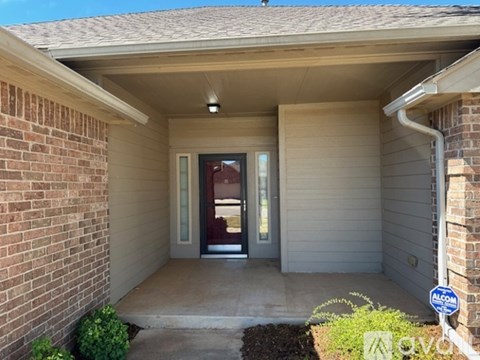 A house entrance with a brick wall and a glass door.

--- --- ---

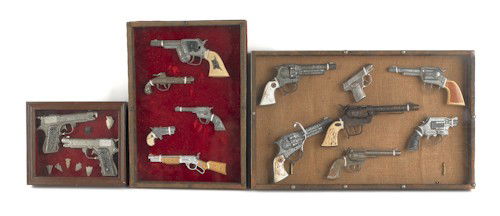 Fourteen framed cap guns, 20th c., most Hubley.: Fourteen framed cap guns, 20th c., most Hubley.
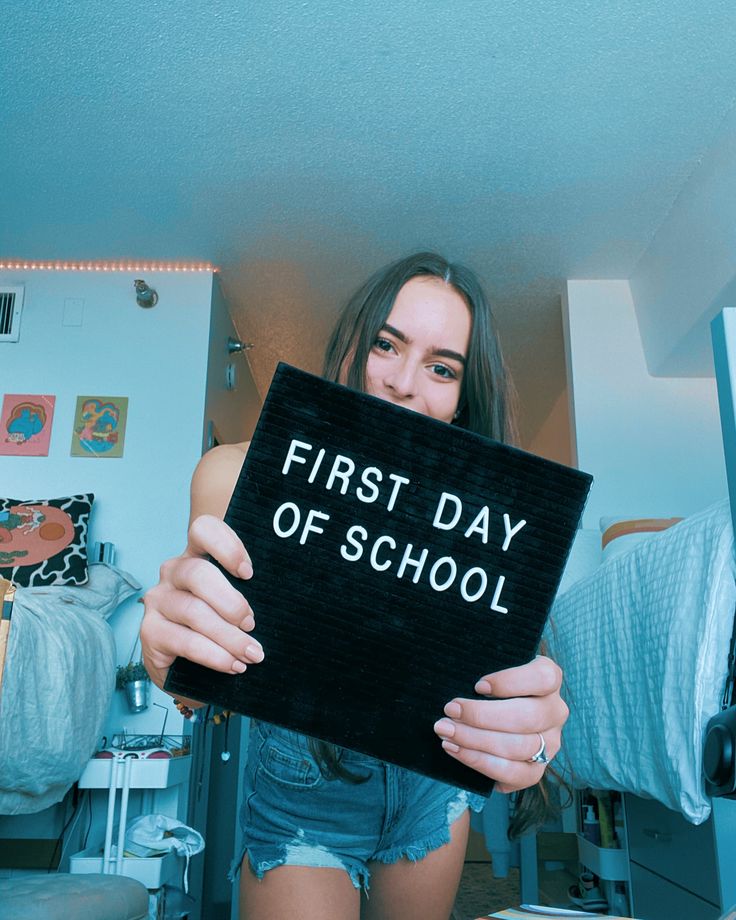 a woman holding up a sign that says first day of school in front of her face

--- --- ---

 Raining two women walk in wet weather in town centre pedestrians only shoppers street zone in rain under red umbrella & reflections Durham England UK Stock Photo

--- --- ---

TASK ITEM: Look above for the line with "Fourteen framed cap guns, 20th c., most Hubley.: Fourteen" and the line with "a woman holding". Output those two and everything between them exactly, pictures excluded.

RESULT OF THE TASK:
 Fourteen framed cap guns, 20th c., most Hubley.: Fourteen framed cap guns, 20th c., most Hubley.
 a woman holding up a sign that says first day of school in front of her face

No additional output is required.